Changes to the IMO emissions standards will see the global sulphur limit in marine fuel reduced from 3.5% to 0.5% from 2020.
Marine fuel is a huge energy market which is currently dominated by oil products. However, tighter environmental regulations, particularly MARPOL Annex VI, are driving changes in fuel requirements, especially with regards to sulphur emissions, both in the Emission Control Areas (ECAs) around the coasts of North-West Europe and North America, but also globally, particularly as the 0.5% sulphur limit applies globally from January 2020 . LNG has opportunities in this sector as a low-sulphur fuel, although it also faces strong competition from low-sulphur oil products, sulphur scrubbing technology, and potentially from electric vessels. Currently there are known to be around 139 merchant vessels using LNG as a fuel, with a similar number on order. Whilst LNG-fuelled shipping has been slow to take off, it is now growing rapidly, particularly as supply infrastructure coverage has improved significantly in recent years. LNG is likely to become a fuel of choice for newbuilds in many sectors, whilst there may also be some LNG conversions.
There are two separate sets of emissions standards under MARPOL – global limits of 3.5% sulphur at present, reducing to 0.5% in 2020, and tighter limits of 0.1% in Emission Control Areas covering much of North America and North-West Europe. MARPOL also sets emissions standards for nitrogen oxides (NOx), particulate matter (PM), and greenhouse gases (GHG).
What are the possible options for ship owners?
Ship-owners and operators have three main options to meet the tighter 2020 sulphur limits – continuing using fuel oil but install gas scrubbers, burn cleaner but costlier liquid fuels, or switch to LNG as a fuel. In addition in some cases it may be feasible to use electric vessels or other developing technologies but these are likely to be limited to specialist uses in the medium-term. A comparatively high level of non-compliance is expected initially.
What are the opportunities for the LNG market?
The reducing global sulphur limits provide a remarkable opportunity for expansion of the LNG-fuelled shipping market, however, this will be constrained by competition from scrubbers and other fuels.
There are concerns about the degree of readiness of the industry for the new regulations, with only one year to go until January 2020. At the large end of the market there has been significant investment in installing scrubbers, whilst in the middle and the smaller end of the market most ships are likely to switch to lower sulphur blends of fuel oil and gas oil, or to delay compliance with the regulations. LNG is a small but growing sector, and could become fuel of choice for many newbuild applications over the medium-term.
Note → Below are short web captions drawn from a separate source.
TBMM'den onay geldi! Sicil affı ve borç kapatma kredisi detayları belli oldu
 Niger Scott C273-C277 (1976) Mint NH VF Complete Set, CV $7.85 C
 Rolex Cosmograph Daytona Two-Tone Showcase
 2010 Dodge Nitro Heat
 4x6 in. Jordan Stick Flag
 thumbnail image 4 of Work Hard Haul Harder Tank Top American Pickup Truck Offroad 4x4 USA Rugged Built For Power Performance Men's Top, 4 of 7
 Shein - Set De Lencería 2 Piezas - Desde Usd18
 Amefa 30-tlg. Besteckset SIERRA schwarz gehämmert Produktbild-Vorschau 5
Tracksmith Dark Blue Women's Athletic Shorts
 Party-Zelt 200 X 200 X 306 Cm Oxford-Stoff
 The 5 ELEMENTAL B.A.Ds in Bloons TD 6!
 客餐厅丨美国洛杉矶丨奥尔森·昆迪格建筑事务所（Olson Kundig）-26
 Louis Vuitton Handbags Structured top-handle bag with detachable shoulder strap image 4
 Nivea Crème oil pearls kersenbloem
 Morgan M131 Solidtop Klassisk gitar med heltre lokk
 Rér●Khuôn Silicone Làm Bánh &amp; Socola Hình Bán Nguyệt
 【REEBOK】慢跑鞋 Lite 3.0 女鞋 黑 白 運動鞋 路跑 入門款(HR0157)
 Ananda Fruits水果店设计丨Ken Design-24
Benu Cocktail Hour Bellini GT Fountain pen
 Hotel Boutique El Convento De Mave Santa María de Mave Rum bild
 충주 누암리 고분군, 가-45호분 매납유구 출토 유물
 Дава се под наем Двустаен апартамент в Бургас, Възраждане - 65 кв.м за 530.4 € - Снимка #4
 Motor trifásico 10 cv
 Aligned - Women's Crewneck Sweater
Volumes of LNG used for shipping are currently tiny, with the IEA estimating 0.73bcm in 2017. This will grow rapidly as the fleet expands, and also as over 100 LNG-ready ships are likely to switch over to utilizing LNG once the 0.5% sulphur limit comes in in 2020. There is a wide variation in forecasts for LNG demand by 2025 ranging from 4 to 41bcm/year, however, most forecasts place marine LNG demand at 8-11bcm/year in 2025, increasing to 22-49bcm/year by 2040.
Meeting this level of LNG demand will require additional LNG supply infrastructure at ports and in other locations, however, such infrastructure has expanded significantly in recent years, particularly in Europe, and is likely to be able grow to match demand as required.